Este libro es el anuncio de cómo algunos jóvenes, como los que aquí ha reunido Magnin, van a llevar esta perspectiva a una Iglesia todavía confusa al respecto de qué hacer con la cultura pop. Hasta leer las contribuciones de estos nuevos autores, confieso que lo único que creía que muchos evangélicos hispanos podían aportar a la cultura popular eran salmistas, memes y patéticos videos de internet. La superficialidad que todavía transmite gran parte de nuestro “mundillo cristiano” no solo hace dudar de nuestra inteligencia, sino que da una impresión de propaganda barata, solo apta para la manipulación y la promoción de intereses sociales conservadores, cada vez más partisanos a nivel político. En un sentido, parece que hemos ido hacia atrás desde los años 80, cuando la Mayoría Moral se unió al último Schaeffer (que cambió sus charlas sobre Buñuel o Jefferson Airplane por campañas contra el aborto —luego vino el movimiento LGTB, ahora lo trans y mañana cualquier otra causa de las que nos parezca que no somos culpables—).

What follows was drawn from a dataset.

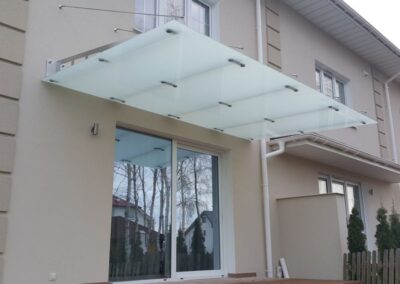 Zadaszenie szklane, szkło mleczne, stal nierdzewna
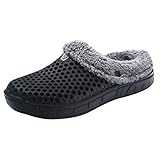 Anliyou Wasserdicht Clogs Damen Herren Wasserabwiesend Gartenschuhe Hausschuhe Gefüttert Pantoffeln Schlappen Slippers Men Woman Cosyshoe Clogs Indoor Outdoor Kuschelig Hausschlapp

La hipocresía farisea ha convertido el escándalo del Evangelio en una moralina cada vez más asfixiante. Nuestra música es cada vez más cúltica, nuestras películas no hablan más que de “valores familiares” y los libros son simples productos de autoayuda y psicología barata. Tenemos que volver al realismo de la Escritura y hablar el lenguaje de un mundo que no entiende nuestra jerga, sospecha de nuestras motivaciones y desprecia nuestro estilo de vida como puritano y represivo.
Creo que nos hace falta, sobre todo, honestidad —la que caracterizó a Schaeffer y Rookmaaker en los años 60 y 70, cuando hablaban de la esperanza del Evangelio en relación con la cultura popular de los jóvenes de su tiempo—. Necesitamos sinceridad, pero también humildad, ya que fácilmente simplificamos apasionadamente la complejidad de unas obras que expresan luz y oscuridad, gozo y desesperación, bondad y maldad. La vida tiene esa mezcla de gracia e idolatría, como dice mi amigo Ted Turnau en su valioso libro Pop-olegética. Podemos buscar a Dios en la cultura popular, como hace Romanowski, pero lo que encontraremos tantas veces es una realidad tan humana que hace que lo mejor de la cultura muchas veces no sea más que un reflejo del problema que la Biblia llama pecado. No eso que llamamos “el mundo”, sino nosotros —los seres humanos—, que somos tan complejos.
No me queda ahora sino recomendar la lectura de estas páginas y elogiar, si se me permite, la labor de Lucas Magnin. He conocido pocos como él, que unan a su juventud, la madurez de tantas lecturas; su seriedad a su sensibilidad; su iniciativa a su humildad. Lucas es, para mí, un ejemplo de cristianismo equilibrado, santidad mundana, personalidad comprometida con la Iglesia. Los libros que ya ha publicado muestran una originalidad en su expresión y fidelidad al mensaje nada habituales en su generación. Espero que los autores que aquí ha convocado sigan su ejemplo y que pueda ser el inicio de todo un movimiento que, aunque no creo poder llegar a ver, alcance a una generación necesitada de la Luz en medio de tanta oscuridad… ¡Que este libro sirva también para ello!